En cierta forma el ser humano contemporáneo –al menos en algunos países occidentales– es como esos reyes que tienen todo tipo de estímulos y protecciones que les permiten ni siquiera pensar en la muerte, ni siquiera quedarse sólo unos segundos a pensar en su condición mortal, en su impermanencia.
Pero, por otra parte, puede que sea también el «puesto» más terrible del mundo (hablando metafóricamente de la realeza), pues en muchos sentidos es el que menos prepara al individuo para la realidad definitiva de su enfrentamiento con el vacío. Un vacío que en otras épocas y en otras culturas ha sido, por el contrario, una fuente infinita de riqueza y de sabiduría. Y con esto nos referimos tanto a la muerte como al no-hacer, a la quietud. Pascal entiende que esa quietud o ese espacio de reflexión le revela al ser humano su condición mortal, lo presenta con la realidad de su existencia y con su misma esencia. «El hombre está visiblemente hecho para pensar; ello constituye toda su dignidad y todo su mérito [….]; el orden del pensamiento está en comenzar por sí mismo». Al respecto encontramos una frase digna del más mordaz de los existencialistas modernos en el fragmento 105: «La grandeza del ser humano consiste en su habilidad de conocer su miseria».

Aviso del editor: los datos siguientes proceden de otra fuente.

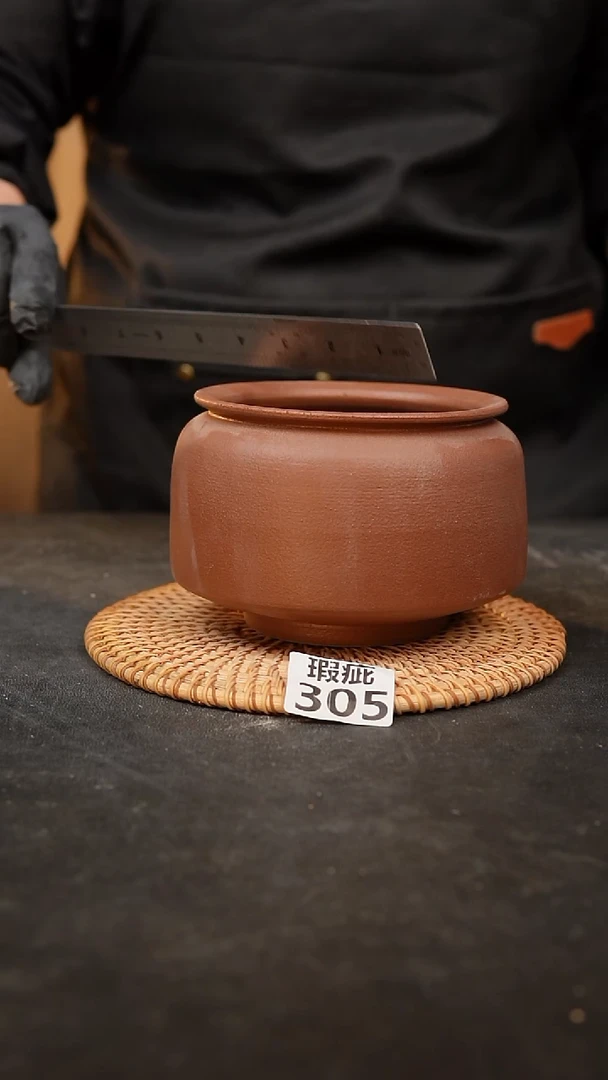 【闪购商品】瓷片305泥泥手工花盆口10高9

Pensar en la miseria propia puede parecernos algo lúgubre, pero esta misma miseria es fuente de sabiduría, acaso como lo es para el budismo «la primera noble verdad», la verdad de que la existencia es sufrimiento. Para Pascal, el ser humano es:
una nada con respecto al infinito, un todo con respecto a la nada, un medio entre nada y todo. Infinitamente distante de comprender los extremos, para él, el fin y el principio de las cosas están insuperablemente escondidos en un secreto impenetrable, y es igualmente incapaz de ver la nada de donde ha sido extraído y el infinito donde está sumido.
Es en este estado de quietud, en estar solo en su habitación sin hacer nada, sin llenar el vacío con superfluo entretenimiento, que el ser humano es capaz de percibir «notas visibles» de la deidad, la cual, sin embargo, para Pascal es esencialmente un Dios inconmensurable, oculto, por el cual el individuo debe apostar a través de la fe.
Más allá de la inclinación religiosa que pueda tener o no tener dicha idea, es indudable que la frase de Pascal es sumamente relevante hoy y siempre, pues hace referencia a la capacidad que tiene una persona de ser libre, de no necesitar de cosas externas para encontrar sentido en la vida. Más aún, es indudable que existen ciclos en la vida individual y colectiva en los que la introversión, el recogimiento o simplemente la lentitud son sumamente necesarios para conservar energía y poder renovarse.